I think it depends on the order. The first has scope over the second.
>Statements like "Aspects are not about temporal relationships." seem utterly nonsensical to me (assuming you mean ZAhO where you wrote "Aspects").
Aspects are temporal properties of an event, but not temporal relationships to something else. See:
http://en.wikipedia.org/wiki/Grammatical_aspect
The Wikipedia description is fairly good: " Aspect can be a difficult concept to convey and understand intuitively. Because they both convey some sense of time, aspect is often confused with the closely-related concept of tense. While tense relates the time of a situation to some other time, commonly the time of speaking, aspect conveys other temporal information, such as duration, completion, or frequency, as it relates to the time of action. Thus tense refers to temporally when while aspect refers to temporally how. Aspect can be said to describe the texture of the time in which a situation occurs, such as a single point of time, a continuous range of time, a sequence of discrete points in time, etc., whereas tense indicates its location in time."
>"Of course ZAhO are about temporal relationships. They specify where the imaginary journey ends relative to the event being discussed (in the aftermath, at the beginning, in the middle, at the end, etc.). They very much resemble English tenses, unlike PU.

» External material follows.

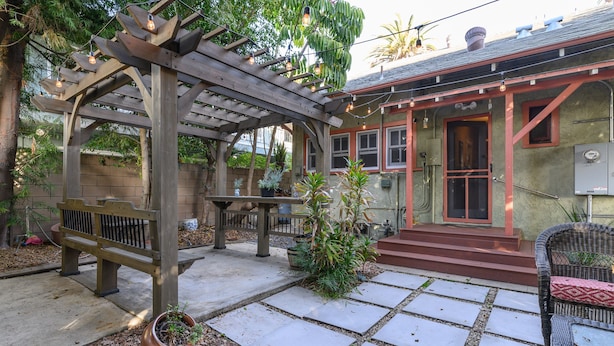 A covered patio area with a pergola, seating, and potted plants.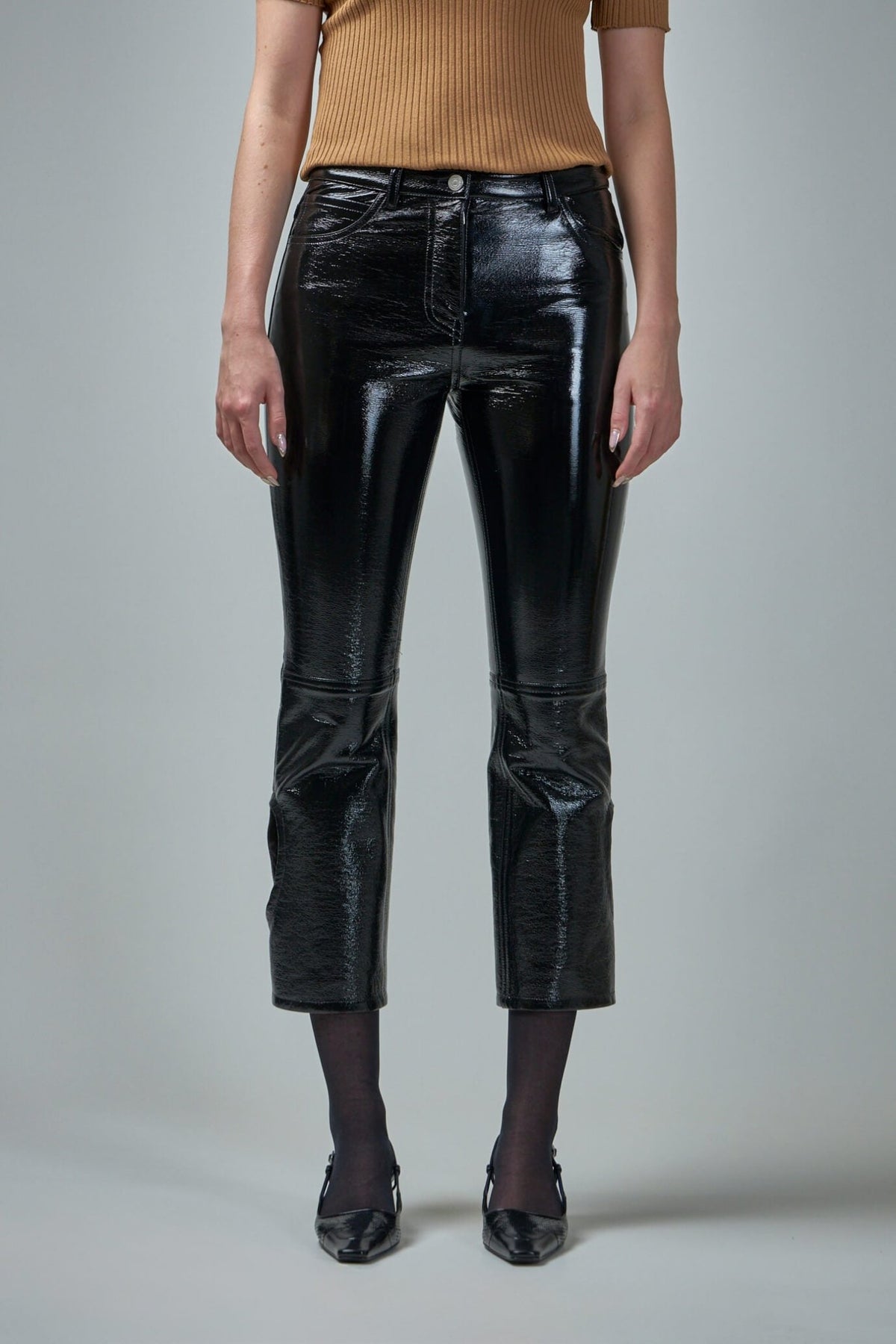 Courrèges Reversed Vinyl Pants in black with cropped silhouette and flex button details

English does not separate tense and aspect as well as Lojban does, but it can still be said to have one morphological mark of tense and two morphological marks of aspect. The tense mark is the past -ed ending (for most verbs, its equivalent for irregular ones). The aspect marks are the "BE -ING" and "HAVE -EN" constructions, which can also be combined into "HAVE BEEN -ING".
Of course English is not as regular as Lojban, but these English marks roughly correspond to "pu", "ca'o" and "ba'o".
(English also uses the auxiliary "will" that corresponds to "ba", but in English it belongs to a different system than "pu".)
The only way you can say that ZAhO resembles English tenses better than PU is if you are calling "BE -ING" and "HAVE -EN" tenses rather than aspects.